Start of Dataset entries

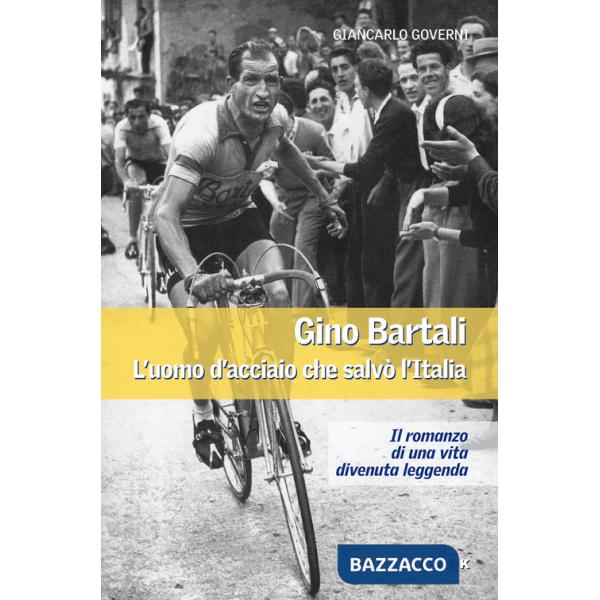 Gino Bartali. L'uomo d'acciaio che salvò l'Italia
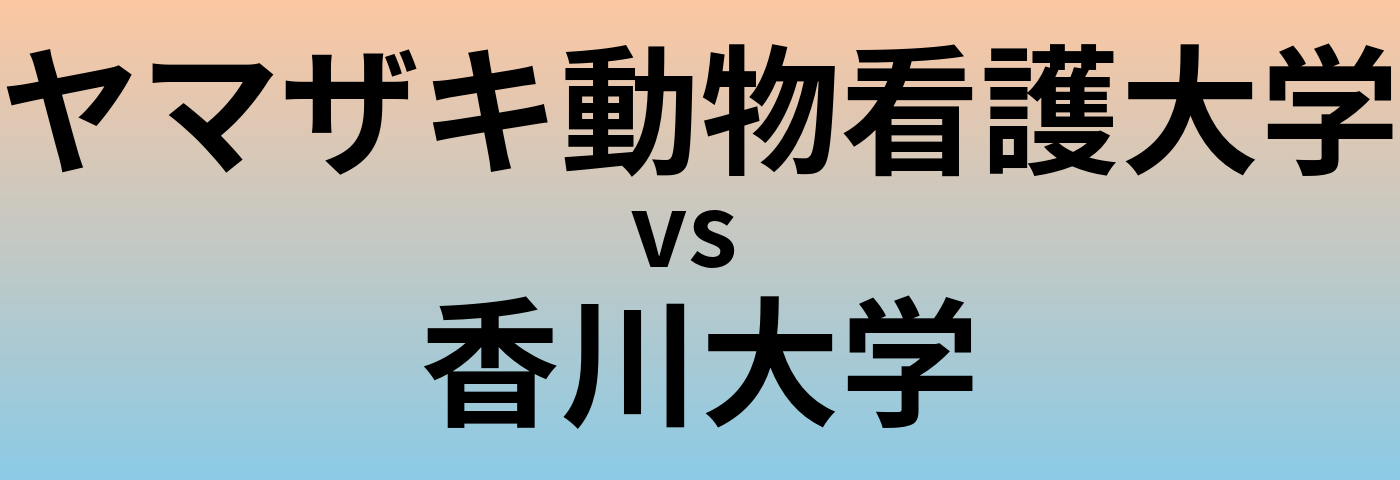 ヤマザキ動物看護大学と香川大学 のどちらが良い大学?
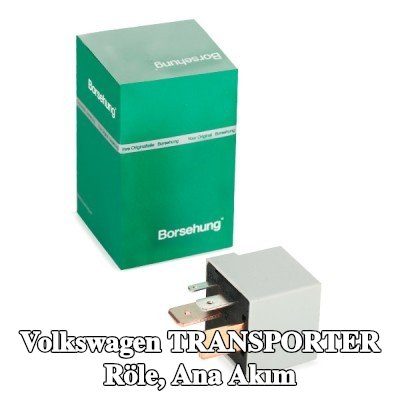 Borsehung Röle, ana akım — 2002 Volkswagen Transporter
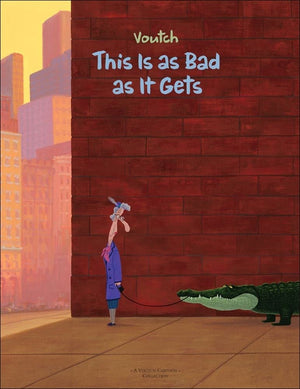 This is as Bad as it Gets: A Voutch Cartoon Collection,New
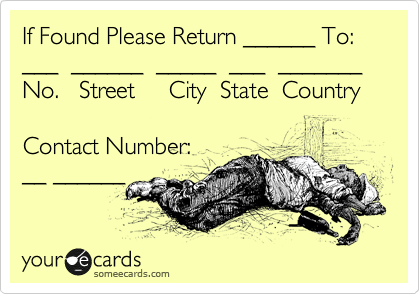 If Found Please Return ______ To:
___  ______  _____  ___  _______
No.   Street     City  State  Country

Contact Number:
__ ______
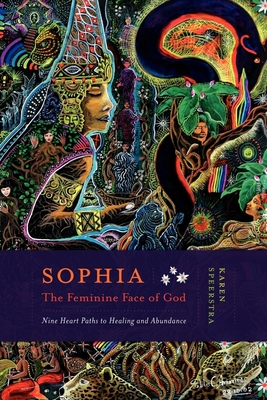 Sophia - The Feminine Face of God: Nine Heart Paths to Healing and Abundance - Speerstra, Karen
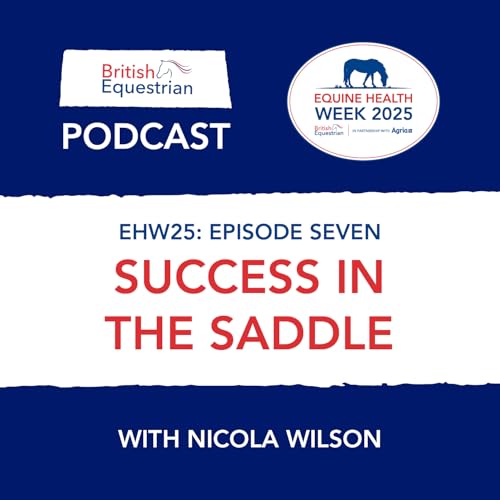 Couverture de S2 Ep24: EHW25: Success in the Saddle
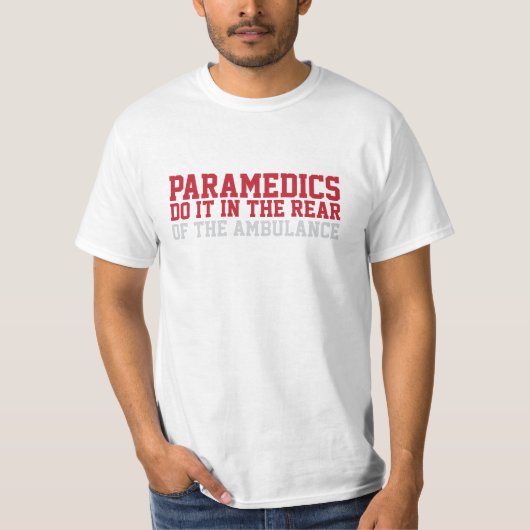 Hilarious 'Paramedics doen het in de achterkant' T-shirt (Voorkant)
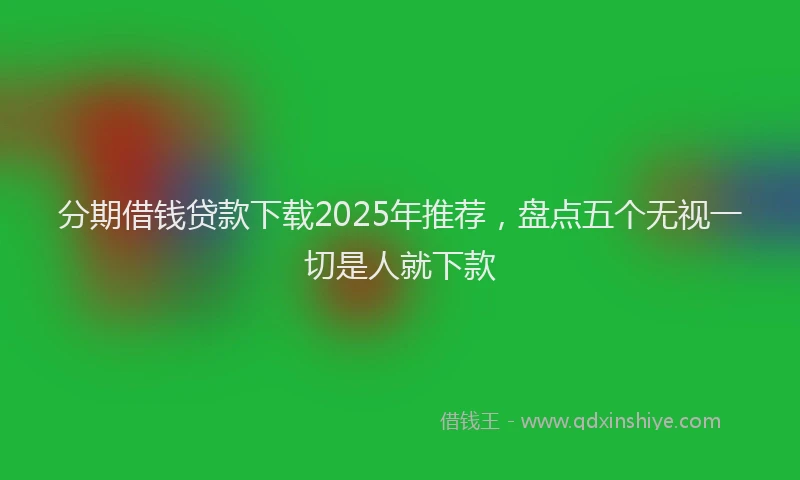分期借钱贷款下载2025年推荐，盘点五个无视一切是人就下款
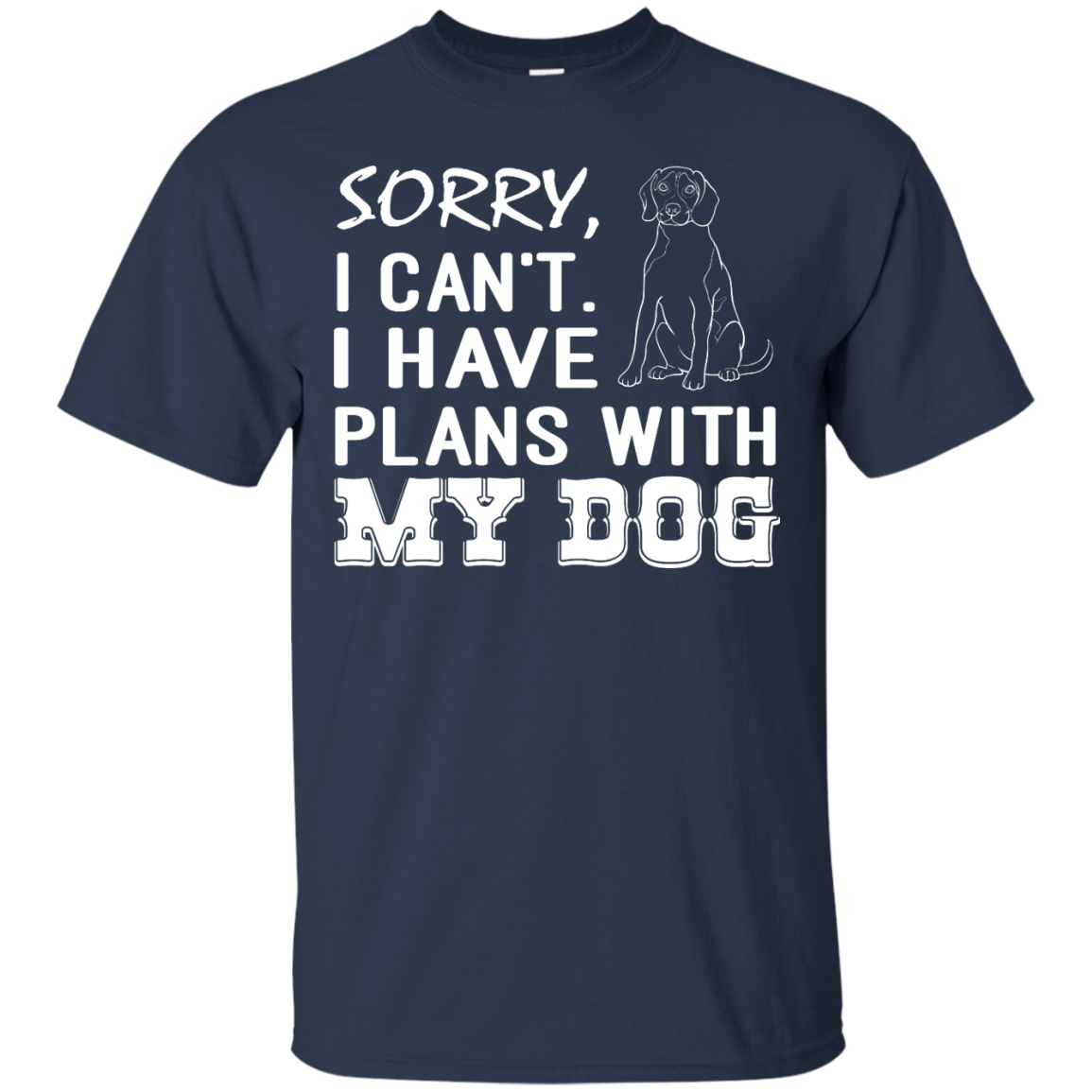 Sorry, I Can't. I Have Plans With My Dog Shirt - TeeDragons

End of Dataset entries
Start of Dataset entries

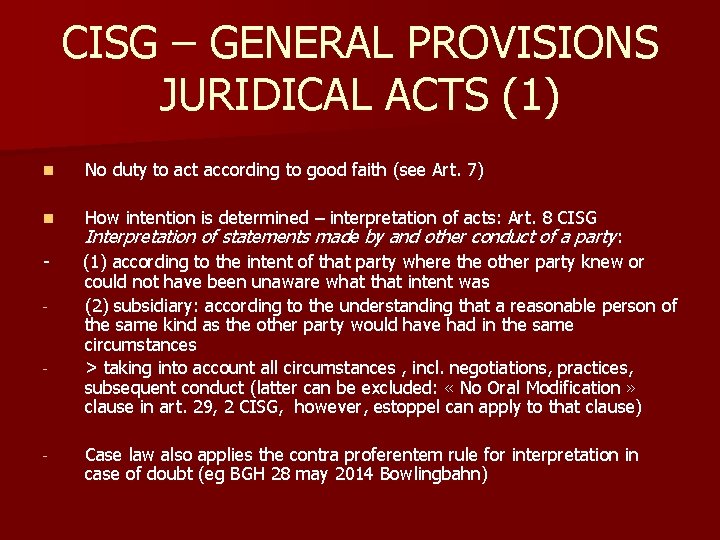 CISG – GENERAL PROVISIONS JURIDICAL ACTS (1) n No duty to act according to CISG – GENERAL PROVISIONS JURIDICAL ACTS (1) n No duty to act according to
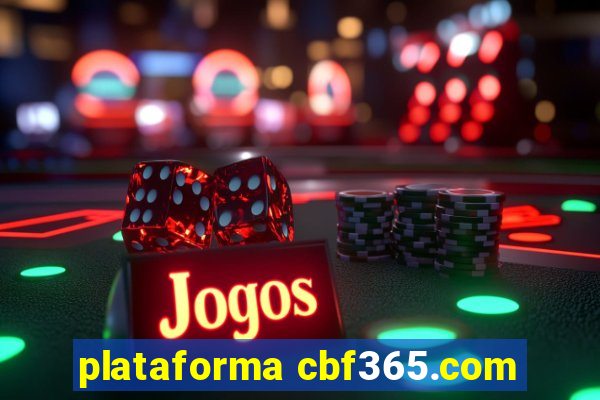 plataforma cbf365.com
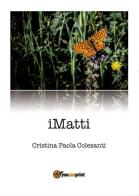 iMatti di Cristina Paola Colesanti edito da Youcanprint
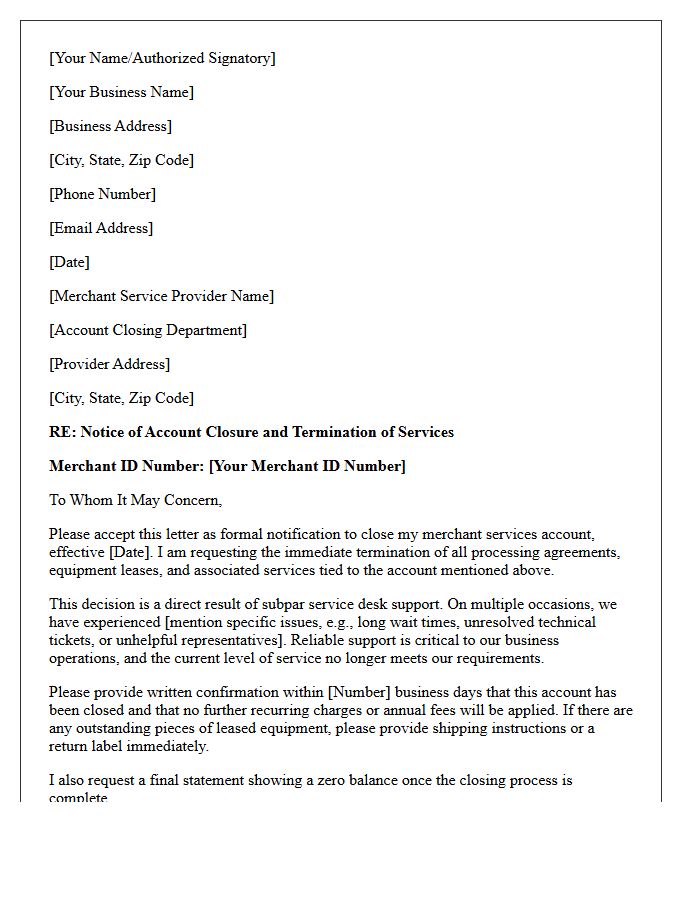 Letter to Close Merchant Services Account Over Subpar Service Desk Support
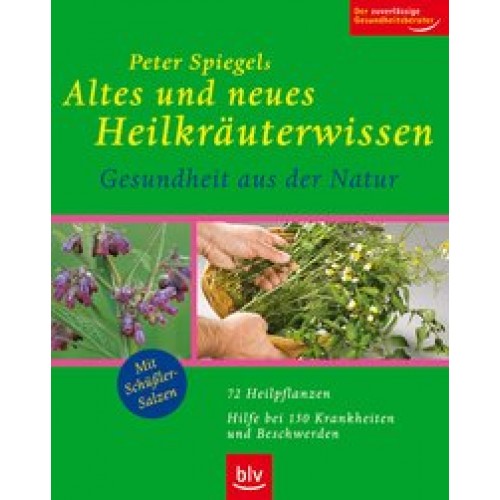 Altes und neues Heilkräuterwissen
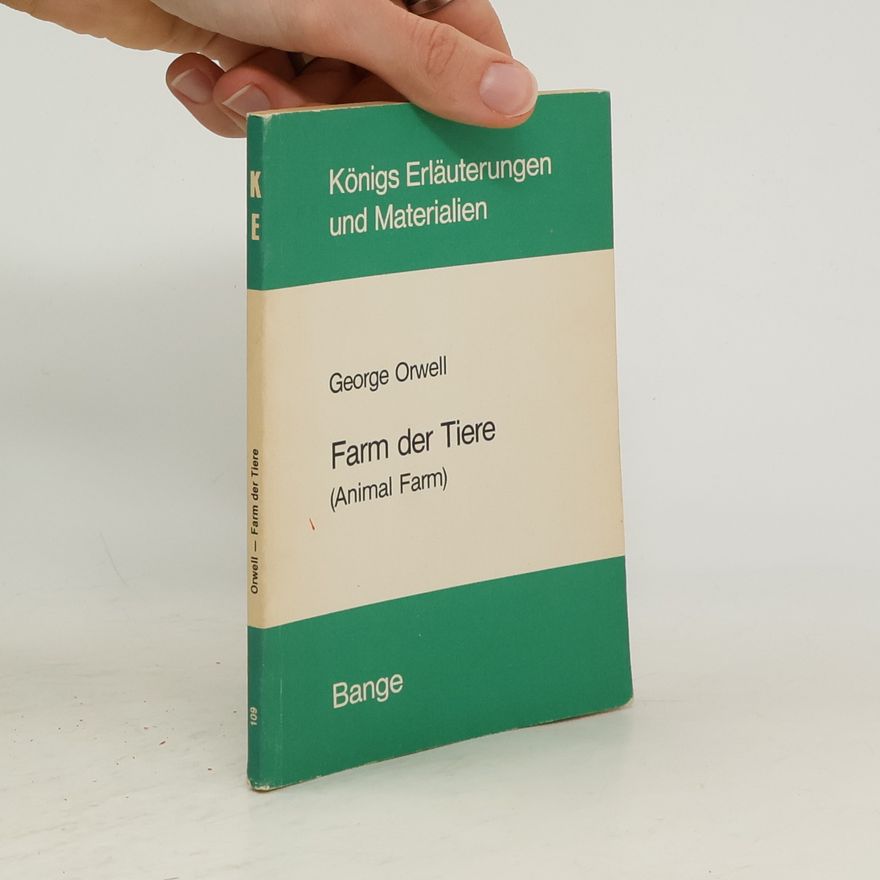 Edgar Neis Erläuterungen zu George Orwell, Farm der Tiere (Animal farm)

End of Dataset entries
Start of Dataset entries

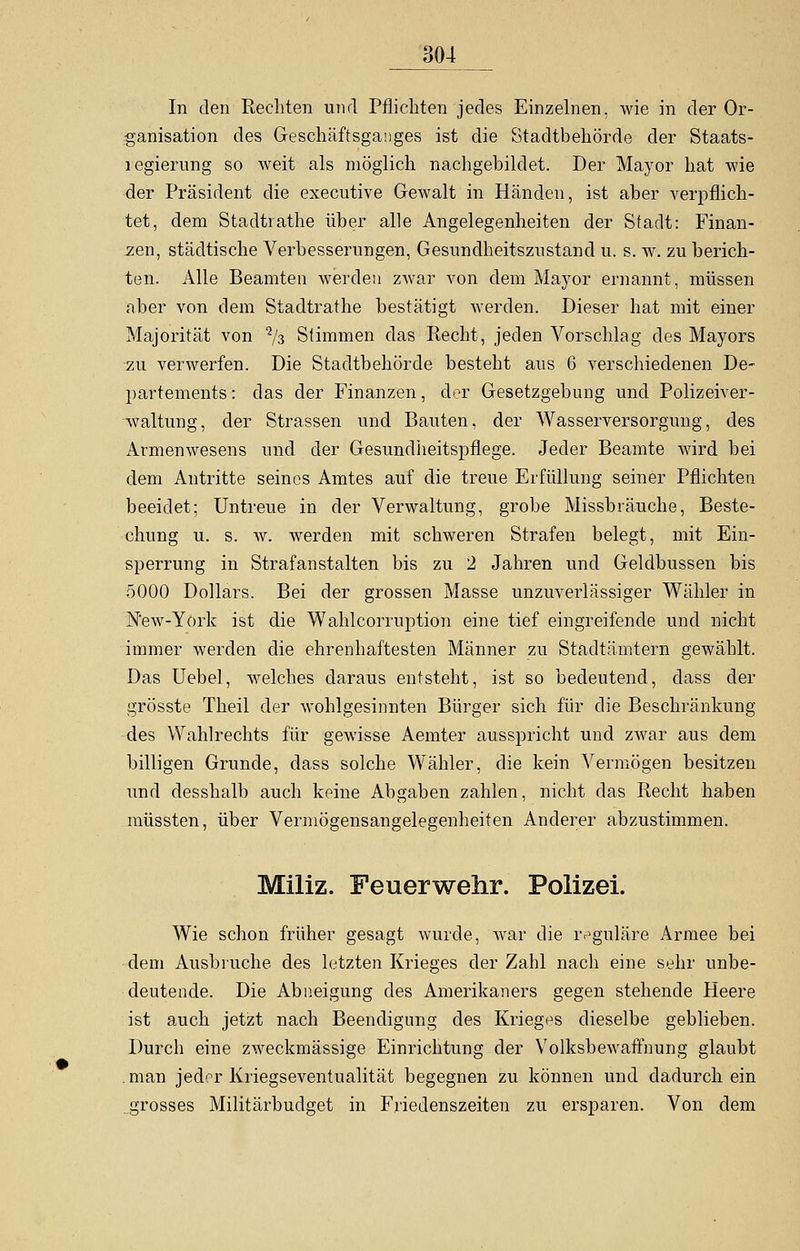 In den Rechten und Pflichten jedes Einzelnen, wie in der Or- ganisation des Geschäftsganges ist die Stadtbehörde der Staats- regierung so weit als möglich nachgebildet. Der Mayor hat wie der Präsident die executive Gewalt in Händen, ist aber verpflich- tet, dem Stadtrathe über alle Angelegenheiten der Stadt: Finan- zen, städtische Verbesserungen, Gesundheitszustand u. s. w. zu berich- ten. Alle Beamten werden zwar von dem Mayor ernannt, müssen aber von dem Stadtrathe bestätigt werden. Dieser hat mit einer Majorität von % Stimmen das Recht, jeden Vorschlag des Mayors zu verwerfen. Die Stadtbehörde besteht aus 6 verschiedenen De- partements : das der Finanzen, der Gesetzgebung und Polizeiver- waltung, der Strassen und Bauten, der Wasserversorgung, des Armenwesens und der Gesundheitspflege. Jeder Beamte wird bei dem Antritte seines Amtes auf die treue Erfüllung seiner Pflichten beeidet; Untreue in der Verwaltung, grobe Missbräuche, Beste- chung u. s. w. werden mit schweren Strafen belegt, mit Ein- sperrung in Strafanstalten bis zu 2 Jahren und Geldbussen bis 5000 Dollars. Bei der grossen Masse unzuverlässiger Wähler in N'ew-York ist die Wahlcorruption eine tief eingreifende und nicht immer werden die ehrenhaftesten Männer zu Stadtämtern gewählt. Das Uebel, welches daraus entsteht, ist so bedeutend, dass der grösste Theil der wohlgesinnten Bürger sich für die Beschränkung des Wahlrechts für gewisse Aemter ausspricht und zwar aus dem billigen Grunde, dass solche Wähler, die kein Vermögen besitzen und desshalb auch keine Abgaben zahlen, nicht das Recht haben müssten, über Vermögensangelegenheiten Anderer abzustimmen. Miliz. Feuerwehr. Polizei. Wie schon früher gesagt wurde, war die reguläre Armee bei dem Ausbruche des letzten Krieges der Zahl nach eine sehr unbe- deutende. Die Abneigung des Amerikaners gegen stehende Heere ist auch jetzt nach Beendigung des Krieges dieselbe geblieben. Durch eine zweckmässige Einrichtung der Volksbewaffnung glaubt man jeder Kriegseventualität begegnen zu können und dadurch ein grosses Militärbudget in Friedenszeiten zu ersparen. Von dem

End of Dataset entries

> Requirement
Now transcribe the lines above exactly, starting at the line containing "Letter to Close" and ending at the line containing "Edgar Neis Erläuterungen", both lines included, pictures excluded.

> Solution below
 Letter to Close Merchant Services Account Over Subpar Service Desk Support
 Altes und neues Heilkräuterwissen
 Edgar Neis Erläuterungen zu George Orwell, Farm der Tiere (Animal farm)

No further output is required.